- [Exercise details]: Print each entry precisely; exclude the pictures.

- [Supplied data]:
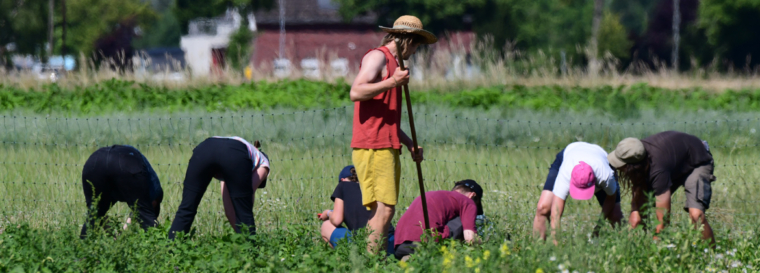 Azubi Emil berichtet über Ausbildungsseminare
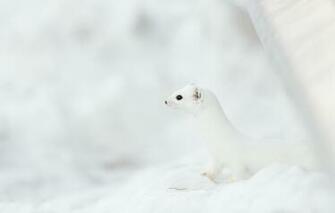 Wallpaper Nature Background Snowy Ermine Image For Desktop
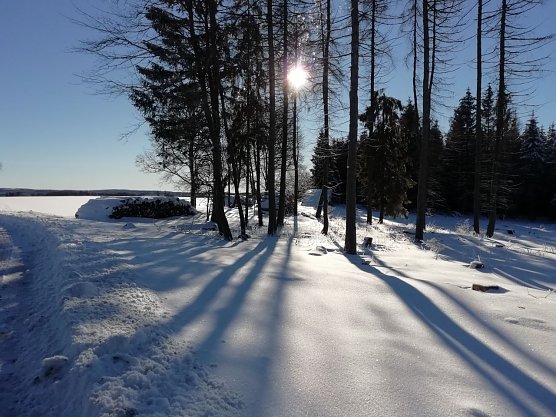 Wintersonne heute morgen in Sophienhof (Foto: W. J&ouml;rgens)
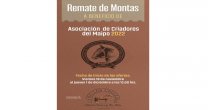 ¡Participa! Este jueves 1 de diciembre se cierra remate de montas de los Criadores de Maipo ¡Participa! Este jueves 1 de diciembre se cierra remate de montas de los Criadores de Maipo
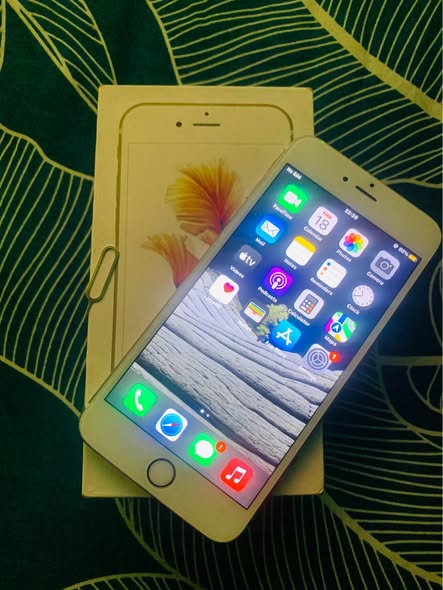 iPhone 6s plus photo 4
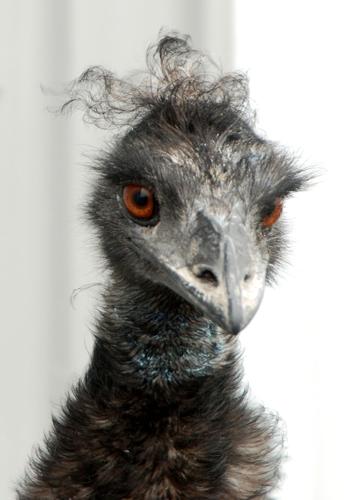 Loose emu evades capture in Lakevillev_1N5nqFiRwB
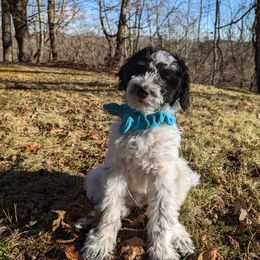 Double Doodle Puppies from Breedlove Mtn Doodles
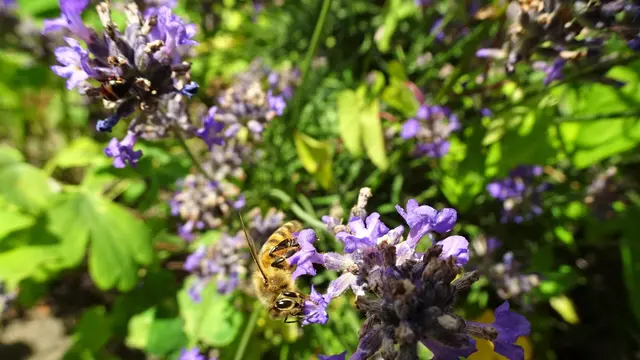 Bienen | Foto: © Silvia Plischek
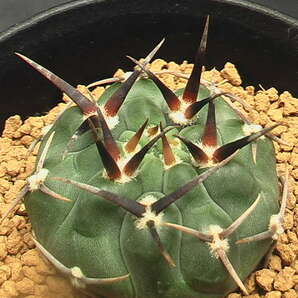 ★奈研★サボテン・多肉植物★416★ギムノカリキュウム  強刺バッテリー Gymnocalycium vatteri cv. 実生 約W 4.3cmの画像4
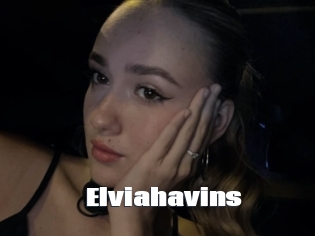 Elviahavins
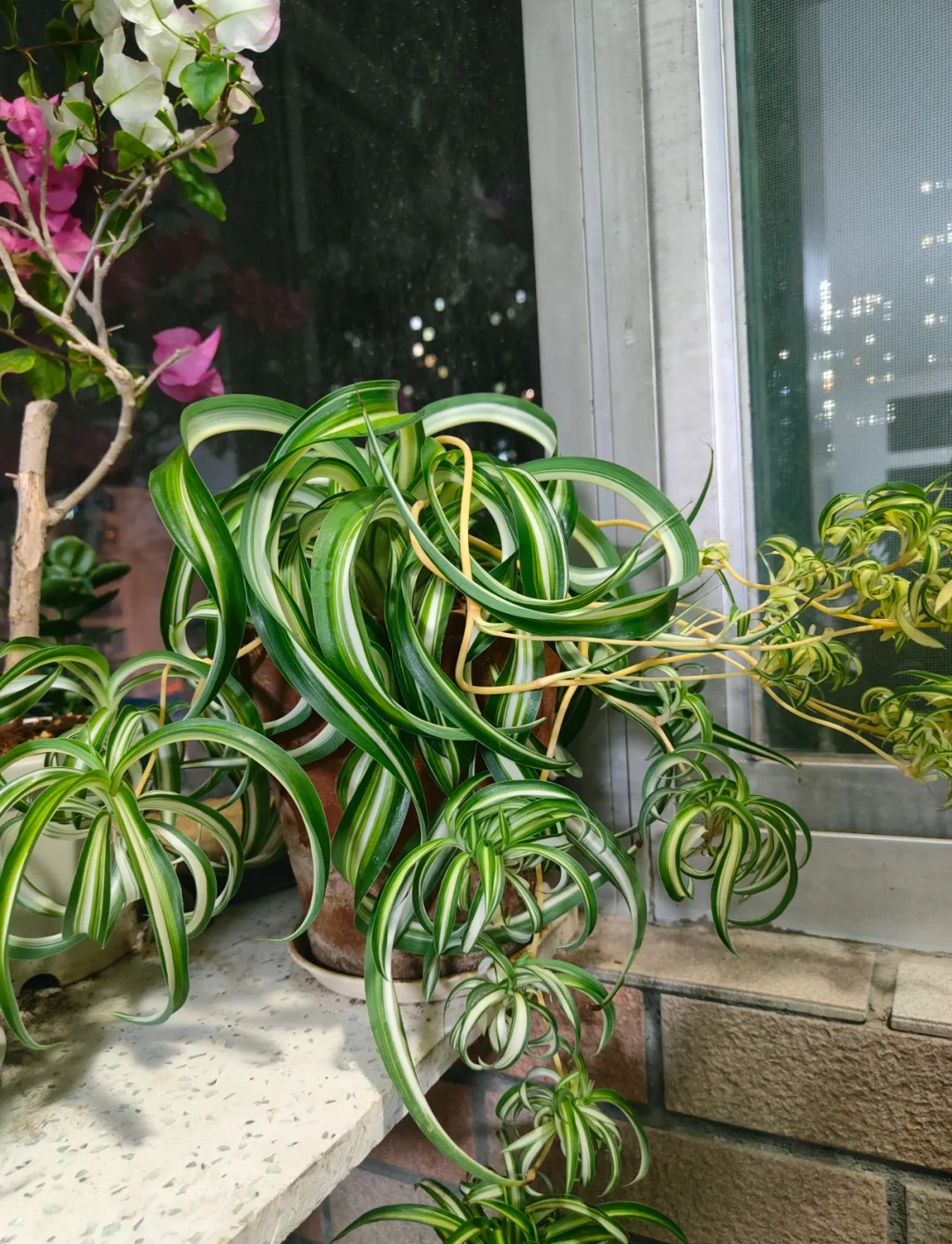 甲醛克星第一名植物(甲醛克星绿植)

- [Solution to this exercise]:
 Azubi Emil berichtet über Ausbildungsseminare
 Wallpaper Nature Background Snowy Ermine Image For Desktop
 Wintersonne heute morgen in Sophienhof (Foto: W. J&ouml;rgens)
 ¡Participa! Este jueves 1 de diciembre se cierra remate de montas de los Criadores de Maipo ¡Participa! Este jueves 1 de diciembre se cierra remate de montas de los Criadores de Maipo
 iPhone 6s plus photo 4
 Loose emu evades capture in Lakevillev_1N5nqFiRwB
 Double Doodle Puppies from Breedlove Mtn Doodles
 Bienen | Foto: © Silvia Plischek
 ★奈研★サボテン・多肉植物★416★ギムノカリキュウム  強刺バッテリー Gymnocalycium vatteri cv. 実生 約W 4.3cmの画像4
 Elviahavins
 甲醛克星第一名植物(甲醛克星绿植)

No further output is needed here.